From the mental side of things and my own personal experience; an added benefit of a recovery week is I come back feeling super motivated and ready to work hard, knowing that it’s only for a few more weeks and then I’ll get another period of recovery. Without these recovery weeks, it can be difficult to ever push too much in training as it just becomes a bit relentless and rather than having a planned period of recovery, it becomes something that is forced because of a bit of overtraining or burnout.
Recovery weeks are also hugely valuable for staying injury free or dealing with niggles. These easier weeks give us the perfect opportunity to spend a bit more time focusing on our rehab, mobility, etc. and can give us the chance to fix any issues before they become a problem.
So practically, how do we actually implement these weeks?
I like to have 3-6 weeks of ‘hard’ training followed by a recovery week. During a recovery week, we’d drop training volume to around 50-75% of usual load – depending on the athlete and how much volume they’re doing. Less experienced athletes will usually need a bigger decrease in volume. We’ll usually keep in one lighter/moderate workout for the week to maintain some stimulus, but in general we’ll keep the week to easy runs and cut out any big long runs. I also like to give athletes a bit more freedom during this week to do what they want, as it can be useful to get a mental break from the rigidity of a training schedule.
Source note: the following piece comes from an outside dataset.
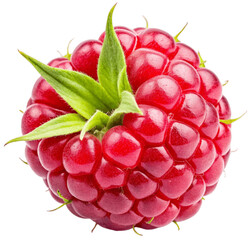 Isolated raspberry fruit on transparent background with clipping path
For runners who are reluctant to take recovery weeks, it’s important to remember that it’s better to take a recovery week before you need it, rather than out of necessity because you’re feeling burnt out. Once you ‘need’ a recovery week, your body has already been pushed a bit too far and will probably need even more recovery time. What we’re aiming for is to hit that sweet spot of allowing our bodies to recover before we hit a breaking point or any sort of burnout.